Regulators have recently come under fire for failing to adequately monitor foreign acquisitions of Australian real estate and ensure that they are in full compliance with domestic law. The property sector may already be host to far more nefarious forms of illicit activity, however, given Australia’s continued lax scrutiny of the use of real estate holdings for money-laundering purposes.
Intergovernmental anti-money laundering (AML) body the Financial Action Task Force (FATF) has just released a scathing assessment of Australia’s law enforcement and regulatory arrangements for addressing the problem of illicit, cross-border cash flows.
FATF was particularly critical of Australia’s “narrow focus” on AML risk in relation to the headline-grabbing areas of drugs, fraud, tax evasion and terrorist activity, at the expense of far greater sources of money-laundering hazard such as foreign property investment.
According to the report, Australia is at considerable risk of becoming a magnet destination for illicit proceeds from abroad that are channelled to the country by overseas nationals who “find Australia a suitable place to hold and invest funds, including in real estate.”
FATF lambasted the absence of regulatory measures for addressing the problem of overseas money laundering in Australia’s property sector.

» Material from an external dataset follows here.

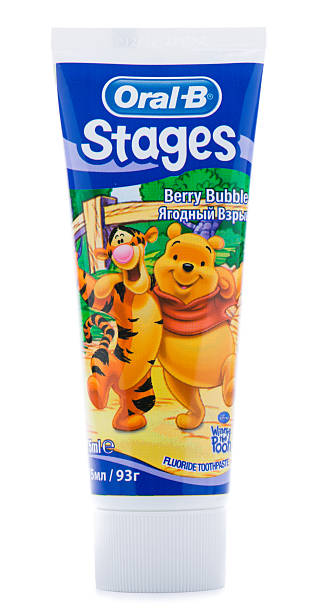 Oral B Toothpaste Ankara, Turkey - May 28, 2013: Oral-B is a brand of oral hygiene products, including toothbrushes, toothpastes, mouthwashes and dental floss. Oral B toothpastes and toothbrushes with designs featuring fun Disney characters that helps make brushing fun for children. winnie the pooh photos stock pictures, royalty-free photos & images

Its report notes that the government has failed to impose anti-money laundering controls – such as the obligation to report suspicious transactions – upon realtors and legal advisers, despite authorities having long identified real estate as being at high risk for money laundering activity.
The FATF report found that Australia had made only dilatory progress on AML measures overall, concluding that the country was compliant with just 24 out of 40 of its recommendations.
The Australian government may find itself in an odd quandary of conflicting interests, with the need to properly address money laundering and protect Australia’s reputation as a clean and stable jurisdiction pitted against the immense revenues that can be reaped by leaving the floodgates open to foreign investment – particularly from a resurgent Chinese economy.
Credit Suisse recently issued the forecast that $60 billion in new investment from China is set to flood Australia’s housing market over the next six years. This amount is more than twice the $28 billion spent by Chinese nationals on Australian residential property during the preceding six-year period, already raising hackles amongst those concerned by surging property prices and home affordability.
The Australian government stands to obtain huge proceeds from this surge in real estate investment hailing from the PRC, and any crackdown on money laundering has the potential to stifle a vastly lucrative source of revenues.
At the same time, it’s also heavily incumbent upon the Australian government to maintain regulatory standards or else risk the standing and health of the overall economy. A country’s reputation plays a critical role in international trade, and any diminution in Australia’s lustre as a stable and comparatively corruption-free jurisdiction has the potential to cost it billions of dollars in foreign investment.